On 18.02.2025 23:55, Andrei Lepikhov wrote:
On 17/2/2025 15:19, Robert Haas wrote:
On Mon, Feb 17, 2025 at 3:08 AM Ilia Evdokimov
if (nloops > 1)
Instead of:
if (nloops > 1 && rows_is_fractonal)
I don't think it's really safe to just cast a double back to int64. In
practice, the number of tuples should never be large enough to
overflow int64, but if it did, this result would be nonsense. Also, if
the double ever lost precision, the result would be nonsense. If we
want to have an exact count of tuples, we ought to change ntuples and
ntuples2 to be uint64. But I don't think we should do that in this
patch, because that adds a whole bunch of new problems to worry about
and might cause us to get nothing committed. Instead, I think we
should just always show two decimal digits if there's more than one
loop.
That's simpler than what the patch currently does and avoids this
problem. Perhaps it's objectionable for some other reason, but if so,
can somebody please spell out what that reason is so we can talk about
it?
I can understand two decimal places. You might be concerned about
potential issues with some codes that parse PostgreSQL explains.
However, I believe it would be beneficial to display fractional parts
only when iterations yield different numbers of tuples. Given that I
often work with enormous explains, I think this approach would enhance
the readability and comprehension of the output. Frequently, I may see
only part of the EXPLAIN on the screen.
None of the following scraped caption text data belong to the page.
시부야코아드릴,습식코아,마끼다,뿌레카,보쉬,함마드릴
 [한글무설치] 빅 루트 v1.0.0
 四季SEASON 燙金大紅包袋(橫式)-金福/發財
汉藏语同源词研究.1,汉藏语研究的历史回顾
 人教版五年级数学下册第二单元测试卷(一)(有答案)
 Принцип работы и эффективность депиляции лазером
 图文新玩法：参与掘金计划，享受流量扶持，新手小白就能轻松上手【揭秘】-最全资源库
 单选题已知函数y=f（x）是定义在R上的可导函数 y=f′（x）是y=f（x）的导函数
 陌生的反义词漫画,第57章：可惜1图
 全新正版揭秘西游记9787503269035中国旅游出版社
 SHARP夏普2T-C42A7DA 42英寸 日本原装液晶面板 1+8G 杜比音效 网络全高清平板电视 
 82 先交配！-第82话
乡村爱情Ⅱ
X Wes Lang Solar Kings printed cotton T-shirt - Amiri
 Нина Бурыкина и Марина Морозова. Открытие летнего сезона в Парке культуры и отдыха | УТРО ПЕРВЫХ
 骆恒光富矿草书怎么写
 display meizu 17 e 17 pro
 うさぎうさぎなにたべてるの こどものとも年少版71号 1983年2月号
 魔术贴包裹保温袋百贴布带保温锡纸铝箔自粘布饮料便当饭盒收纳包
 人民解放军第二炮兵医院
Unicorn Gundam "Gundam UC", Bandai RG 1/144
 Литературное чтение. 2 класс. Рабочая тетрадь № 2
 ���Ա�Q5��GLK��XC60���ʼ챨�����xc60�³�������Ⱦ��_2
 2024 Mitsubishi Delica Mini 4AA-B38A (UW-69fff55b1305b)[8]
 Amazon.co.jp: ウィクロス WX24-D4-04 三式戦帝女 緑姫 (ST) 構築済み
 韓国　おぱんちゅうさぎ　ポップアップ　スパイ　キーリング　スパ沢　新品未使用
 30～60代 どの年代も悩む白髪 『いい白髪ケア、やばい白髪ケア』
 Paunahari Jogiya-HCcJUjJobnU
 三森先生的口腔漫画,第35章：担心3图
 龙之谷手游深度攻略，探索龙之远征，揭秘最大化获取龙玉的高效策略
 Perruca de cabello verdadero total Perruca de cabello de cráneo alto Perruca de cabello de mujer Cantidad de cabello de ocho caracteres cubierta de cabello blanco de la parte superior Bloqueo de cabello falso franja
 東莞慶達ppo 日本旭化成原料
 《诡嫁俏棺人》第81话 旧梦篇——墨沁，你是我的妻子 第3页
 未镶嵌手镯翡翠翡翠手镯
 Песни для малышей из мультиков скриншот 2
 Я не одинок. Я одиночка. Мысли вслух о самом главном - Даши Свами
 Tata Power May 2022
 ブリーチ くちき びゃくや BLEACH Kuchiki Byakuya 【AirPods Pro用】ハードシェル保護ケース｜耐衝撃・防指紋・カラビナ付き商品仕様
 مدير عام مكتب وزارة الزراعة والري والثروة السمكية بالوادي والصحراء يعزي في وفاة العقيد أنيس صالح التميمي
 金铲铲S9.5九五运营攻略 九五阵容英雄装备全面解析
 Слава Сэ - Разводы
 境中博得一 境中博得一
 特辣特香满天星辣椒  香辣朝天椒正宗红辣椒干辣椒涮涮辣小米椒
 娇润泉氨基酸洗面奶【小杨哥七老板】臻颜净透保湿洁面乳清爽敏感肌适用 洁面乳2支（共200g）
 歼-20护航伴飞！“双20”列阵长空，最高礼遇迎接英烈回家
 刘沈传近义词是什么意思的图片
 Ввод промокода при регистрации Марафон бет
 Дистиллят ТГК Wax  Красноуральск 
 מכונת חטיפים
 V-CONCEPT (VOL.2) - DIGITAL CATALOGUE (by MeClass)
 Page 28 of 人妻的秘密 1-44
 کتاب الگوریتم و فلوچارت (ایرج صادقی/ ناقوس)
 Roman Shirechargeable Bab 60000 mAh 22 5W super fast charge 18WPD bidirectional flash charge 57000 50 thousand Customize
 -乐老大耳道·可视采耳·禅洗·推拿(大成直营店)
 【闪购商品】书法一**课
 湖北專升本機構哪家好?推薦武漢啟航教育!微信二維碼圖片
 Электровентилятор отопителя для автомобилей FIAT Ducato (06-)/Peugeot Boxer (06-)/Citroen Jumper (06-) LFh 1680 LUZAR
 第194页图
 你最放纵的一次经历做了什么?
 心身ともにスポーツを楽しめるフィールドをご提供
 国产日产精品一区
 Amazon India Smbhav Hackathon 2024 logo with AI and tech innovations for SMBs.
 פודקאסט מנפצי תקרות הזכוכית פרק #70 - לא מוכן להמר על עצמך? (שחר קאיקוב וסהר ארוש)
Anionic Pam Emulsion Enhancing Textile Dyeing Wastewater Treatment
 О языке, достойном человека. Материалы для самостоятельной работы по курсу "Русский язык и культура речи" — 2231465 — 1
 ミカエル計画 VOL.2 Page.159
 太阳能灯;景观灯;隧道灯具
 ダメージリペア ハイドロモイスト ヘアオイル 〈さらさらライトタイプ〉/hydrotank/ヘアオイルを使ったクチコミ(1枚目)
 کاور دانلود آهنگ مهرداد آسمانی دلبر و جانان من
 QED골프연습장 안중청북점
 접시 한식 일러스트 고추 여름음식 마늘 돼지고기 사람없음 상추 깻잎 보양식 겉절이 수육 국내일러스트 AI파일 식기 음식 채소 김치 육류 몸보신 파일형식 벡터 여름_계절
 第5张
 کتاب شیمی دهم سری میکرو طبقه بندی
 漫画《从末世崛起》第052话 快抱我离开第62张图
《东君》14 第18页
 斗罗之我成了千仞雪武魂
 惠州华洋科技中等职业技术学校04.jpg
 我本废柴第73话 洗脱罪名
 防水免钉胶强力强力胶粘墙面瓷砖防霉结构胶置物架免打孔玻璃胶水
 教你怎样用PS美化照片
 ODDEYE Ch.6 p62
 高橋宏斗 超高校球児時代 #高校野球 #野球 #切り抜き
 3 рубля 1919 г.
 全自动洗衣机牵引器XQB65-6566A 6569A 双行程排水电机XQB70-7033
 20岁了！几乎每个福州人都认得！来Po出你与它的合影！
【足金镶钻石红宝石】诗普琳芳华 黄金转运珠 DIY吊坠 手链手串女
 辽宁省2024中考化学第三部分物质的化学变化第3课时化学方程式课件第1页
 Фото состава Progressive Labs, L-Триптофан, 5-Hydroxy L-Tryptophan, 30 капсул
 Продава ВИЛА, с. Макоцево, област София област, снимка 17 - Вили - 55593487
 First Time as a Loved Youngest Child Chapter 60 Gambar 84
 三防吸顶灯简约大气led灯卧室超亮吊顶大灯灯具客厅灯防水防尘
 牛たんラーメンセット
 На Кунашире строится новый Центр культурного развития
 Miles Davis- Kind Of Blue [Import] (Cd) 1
A floating-point row number
format may immediately give an idea about parameterisation (or another
reason for the subtree's variability) and trace it down to the source.
The idea of indicating to the user that different iterations produced
varying numbers of rows is quite reasonable. Most likely, this would
require adding a new boolean field to the Instrumentation structure,
which would track this information by comparing the rows value from the
current and previous iterations.
However, there is a major issue: this case would be quite difficult to
document clearly. Even with an example and explanatory text, users may
still be confused about why rows=100 means the same number of rows on
all iterations, while rows=100.00 indicates variation. Even if we
describe this in the documentation, a user seeing rows=100.00 will most
likely assume it represents an average of 100 rows per iteration and may
still not realize that the actual number of rows varied.
If we want to convey this information more clearly, we should consider a
more explicit approach. For example, instead of using a fractional
value, we could display the minimum and maximum row counts observed
during execution (e.g.,rows=10..20, formatting details could be
discussed). However, in my opinion, this discussion is beyond the scope
of this thread.
Any thoughts?
--
Best regards,
Ilia Evdokimov,
Tantor Labs LLC.